The second and final season of the American television series The Gifted is based on Marvel Comics' X-Men properties, and follows ordinary parents who take their family on the run after they discover their children's mutant abilities. The season is connected to the X-Men film series, set in an alternate timeline where the X-Men have disappeared. It was produced by 20th Century Fox Television in association with Marvel Television, with Matt Nix serving as showrunner.

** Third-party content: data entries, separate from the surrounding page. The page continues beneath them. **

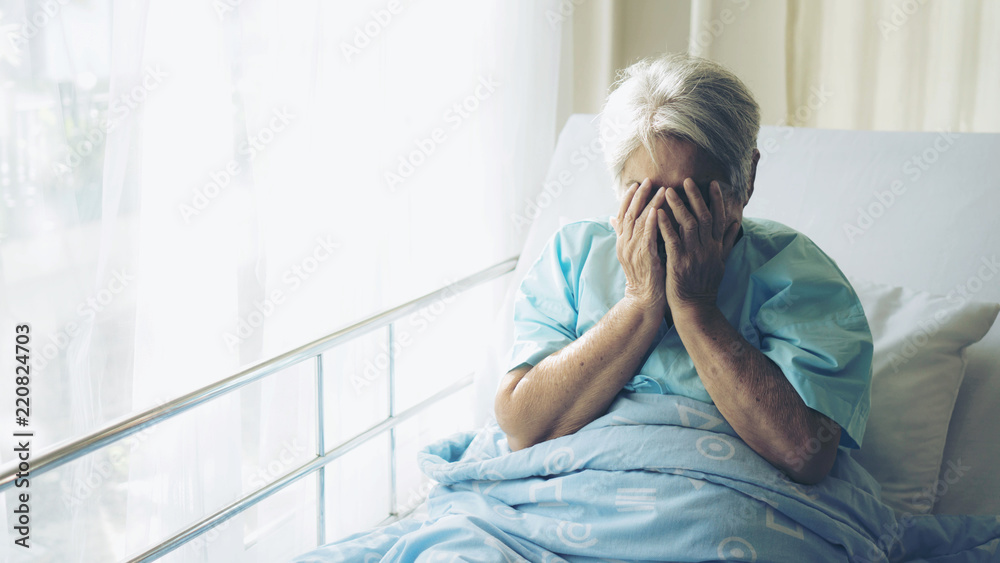 Lonely Elderly patients in hospital bed patients want to go home - medical and healthcare concept - obrazy, fototapety, plakaty 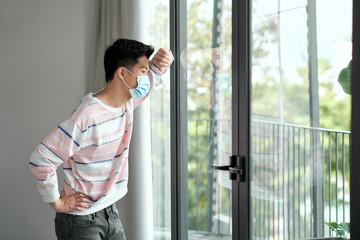 Young man during coronavirus pandemic wearing face mask indoors at home for social distancing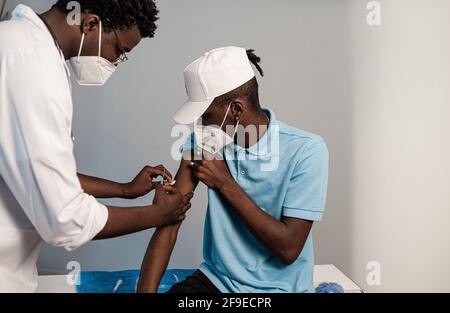 Seite schwarz Arzt in Schutzuniform und Latexhandschuhe impfen Afroamerikanischer Patient in der Klinik während des Coronavirus-Ausbruchs Stockfoto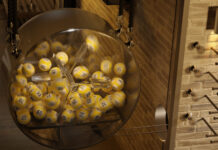 Fyra syskon från Skåne vinner två miljoner på Keno Lotterimaskin med gula numrerade bollar som snurrar i genomskinlig trumma.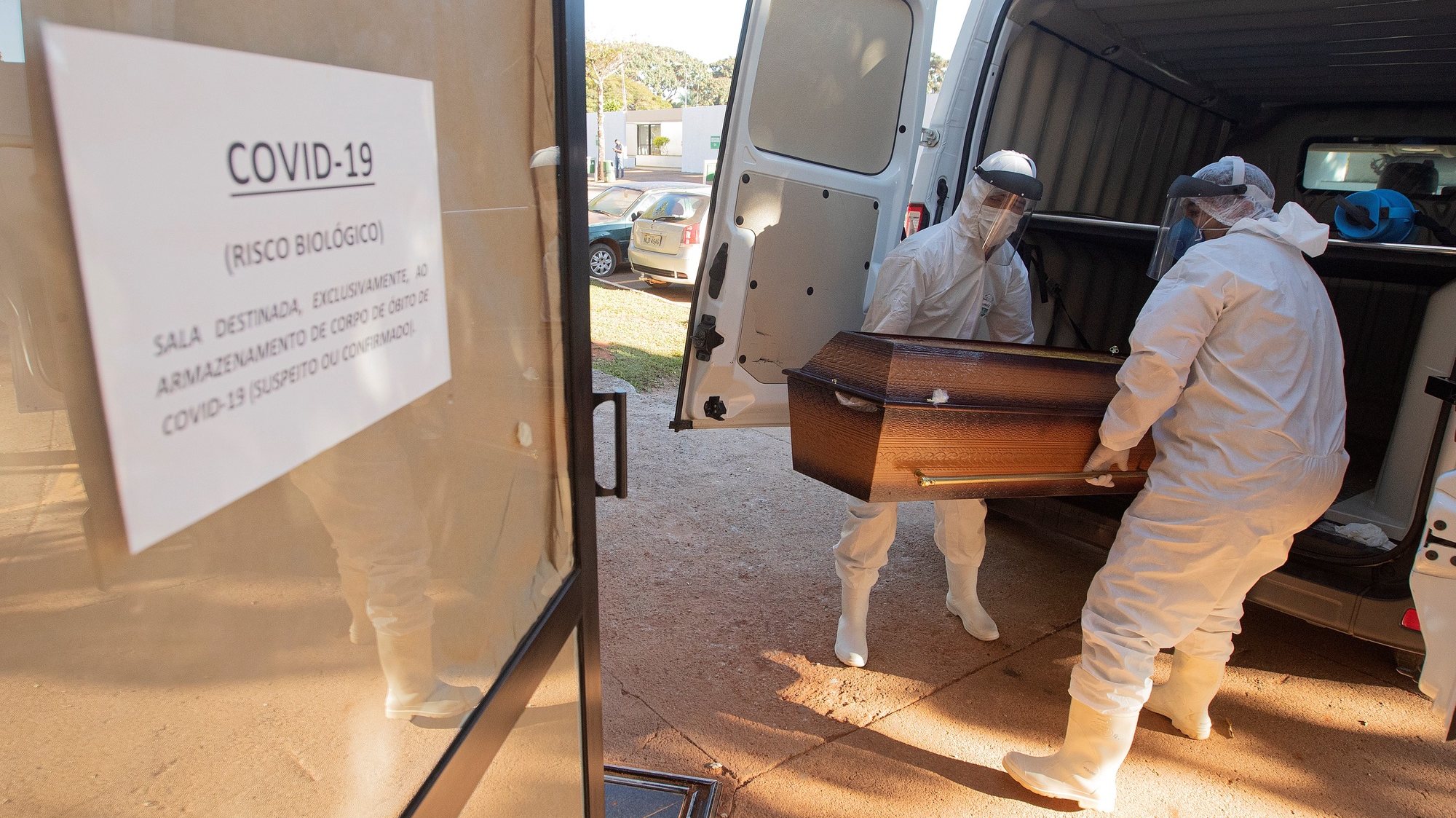 epa08477397 Funeral workers move caskets of coronavirus fatalities to a separate location, prior to burial at the Campo da EsperanÃ§a cemetery in Brasilia, Brazil, 10 June 2020.  EPA/Joedson Alves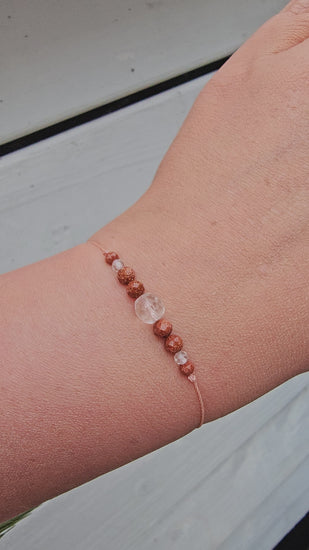 Viral crystal bracelet made with clear quartz and natural sandstone, handmade in Ireland. Minimalist, earthy jewellery with calming energy.
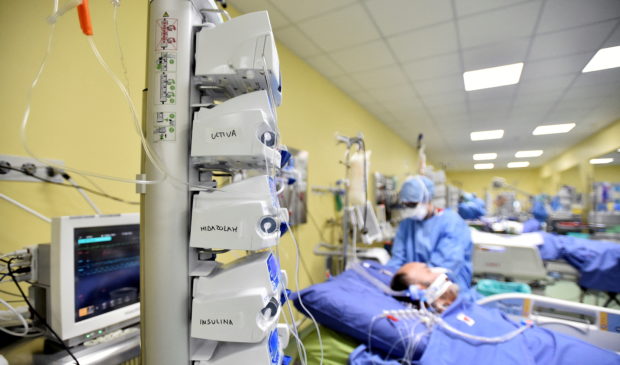 FILE PHOTO: Member of the medical staff in protective suit treats a patient suffering from coronavirus disease (COVID-19) in an intensive care unit at the San Raffaele hospital in Milan, Italy, March 27, 2020. REUTERS/Flavio Lo Scalzo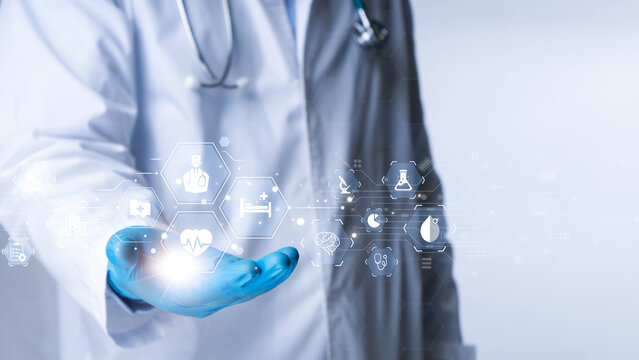 Medical worker touch medical healthcare icon displayed on a technology interface. Virus pandemic develop people awareness and spread attention on their healthcare in global.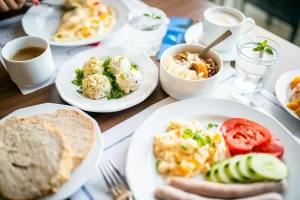 High-protein breakfast with eggs, yogurt, and fruit on a table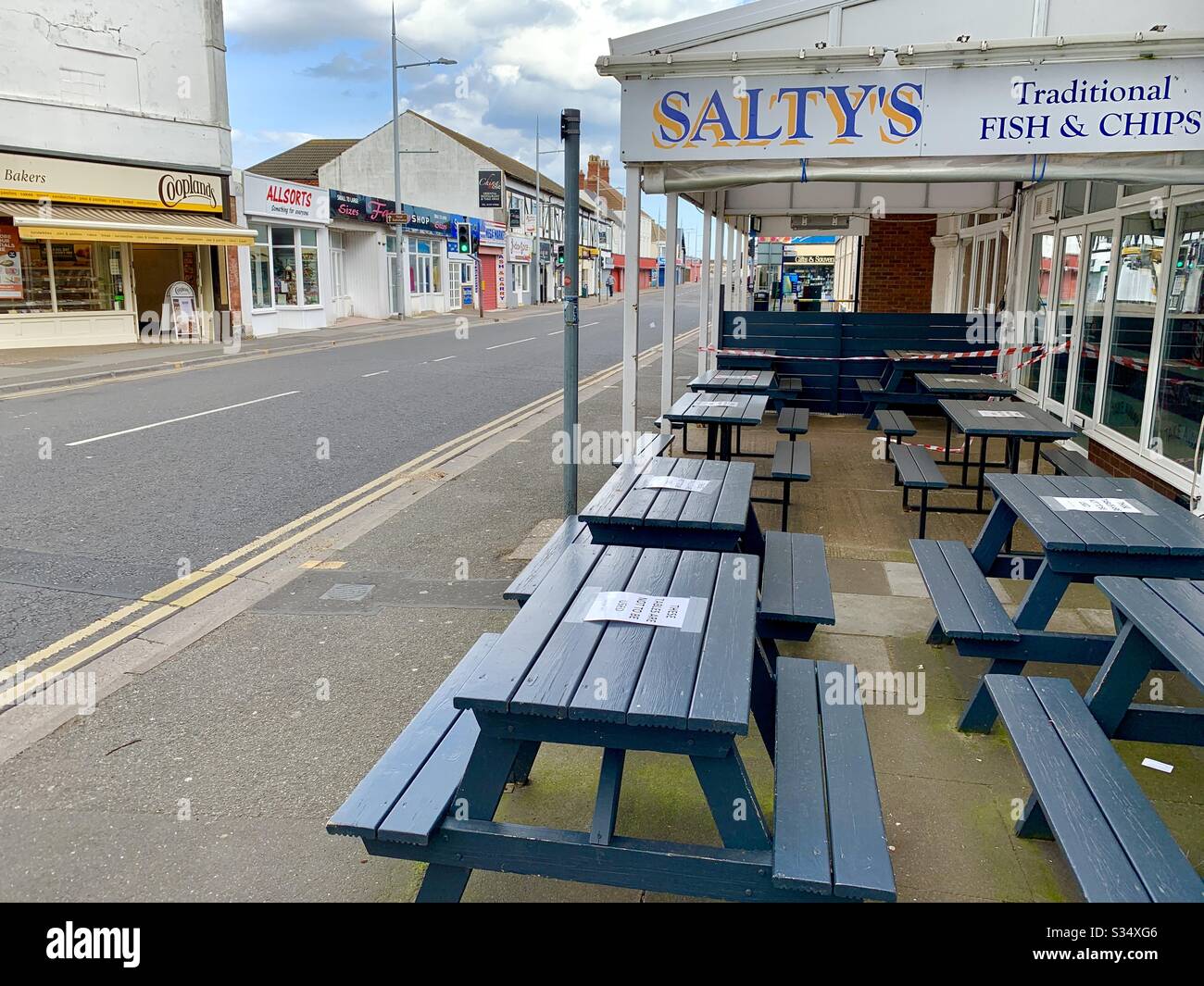 The deserted coastal town of Mablethorpe with an empty high street and closed shops during the Coronavirus Covid19 lockdown Stock Photo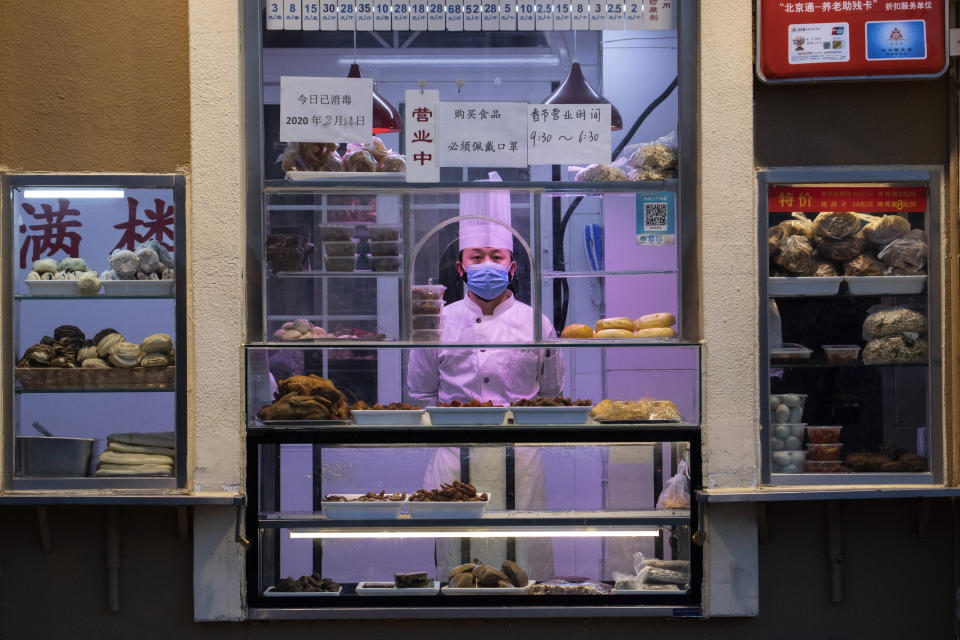 In this photo taken Saturday, Feb. 22, 2020, a chef looks out from behind a display of food products at a restaurant in Beijing, China. Regulators on Monday promised tax cuts and other aid to help companies recover from China's virus outbreak and expressed confidence the ruling Communist Party's growth targets can be achieved despite anti-disease controls that shut down much of the economy. (AP Photo/Ng Han Guan)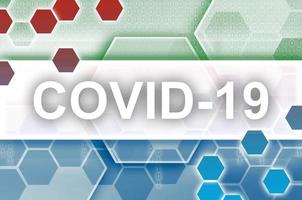 Sierra Leone flag and futuristic digital abstract composition with Covid-19 inscription. Coronavirus outbreak concept photo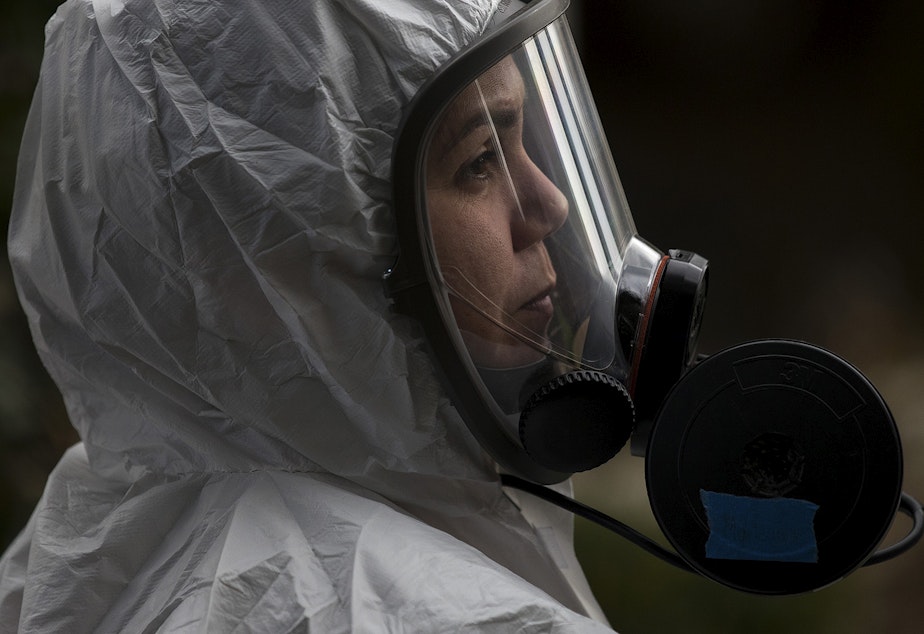 caption: A member of a Servpro cleaning crew stands in line before entering the Life Care Center of Kirkland, the long-term care facility at the epicenter of the coronavirus outbreak in Washington state, on Wednesday, March 11, 2020, in Kirkland.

Stephen Moyer and Amy Acker star as the parents, alongside Sean Teale, Natalie Alyn Lind, Percy Hynes White, Coby Bell, Jamie Chung, Blair Redford, and Emma Dumont. They are joined by Skyler Samuels, promoted from a recurring guest role in the first season, and Grace Byers. A second season was ordered in January 2018, and began filming that June. It depicts the different approaches to the fight for mutant civil rights that are taken by the Mutant Underground and the Hellfire Club, and also introduces the Morlocks and further explores the Purifiers—all groups originating in the comics.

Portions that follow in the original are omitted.